02-06-2013 06:16 AM
Brazil's Cerrados: Overview
Brazil's frontier region is booming, and the boom is destined to continue long into the future. The potential of this vast and largely untapped area--the largest virgin land mass on earth--is beyond rational speculation.Brazil's high-plains, the cerrados, cover an estimated 207 million hectares, or about one-fourth of the country. All but a small area lies south of the equator.
From a US perspective, the cerrados equal 26% of the area of the lower 48 states--more than 510 million acres--an area larger than the US east of the Mississippi River, excluding Florida. Only about 60 million ha--about one-fourth of the cerrados--is now economically used. Of that, dryland and irrigated crops cover about 25 million ha. The rest is in pasture.
EMBRAPA, Brazil's agricultural research organization, estimates that another 100+ million ha are suited for modern mechanized crop agriculture. More recently, the USDA estimated that between 145 and 170 million hectares (402 million acres) could be opened for crop production. This means that the agricultural area yet to be opened is more than 25 percent larger than the total crop acreage of the U.S.
For more information on Brazil's Cerrados, see http://www.fas.usda.gov/pecad2/highlights/2003/01/
02-06-2013 08:02 AM - edited 02-06-2013 08:02 AM
Going on an ag type tour to Brazil has been on the bottom of my bucket list for some time but I think I may move it up a number of notches.
Does Ag.Com have an opening for an investigative hands on "reporter"(read that as a hobbyfarmer that wants to go someplace warm next Dec to Feb time frame) that could go there and send back picts and reports from there next winter?
Always nice to have a little financial help from Corporate.
02-06-2013 08:03 AM
Fascinating I wonder when water resources might become an issue there.
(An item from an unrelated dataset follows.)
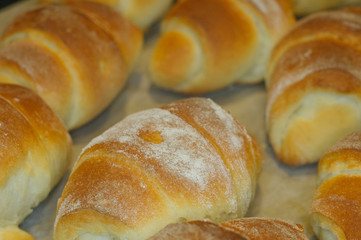 Homemade croissants with sweet filling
That's OK just clear another fenceline, drain another wetland,and wonder why it won't rain anymore. This post is not written by a crazy conservationist just a realist
02-06-2013 08:12 AM
It is my understanding that some of the older converted areas had a 20% rule and now the rule is 50% has to be "untouched".
02-06-2013 08:22 AM
The fact that Brazil has more untapped acres than the USA currently has in production is something that has been talked about for decades. I always keep that in mind when the land bubble in America gets high and you start hearing things like " well, they ain't making anymore land". It really helps to keep things in perspective, and allows one to be extemely patient.
02-06-2013 08:26 AM
Water resoursces--------------- what areas i have been looking(just satallite viewing) show a lot of surface resource and a fair amount of reservoir water currently. I did not see much irrig. development from that. but with 80 inches of rain predictibly......................
I wonder why yields on established ground are not better than they are presently?? Not enough fertilizer production?? Just looks like underdeveloped potential---------- the more i look..
02-06-2013 09:49 AM
Thanks Hobby. I went on a trip to Brasil in 1968 and ended up on a ranch in the cerrado. I liked to never get back to civilization it is a huge area. Land I believe was 25 cents per acre,but it was a dictatorship then. I did not see potential of that red soil and large termite mounds and scrub brush, On a side note I did get to Rio eventually, but ran out of money and my parents were kind and wired enough money to get me and my friend home. WE went during summer college break.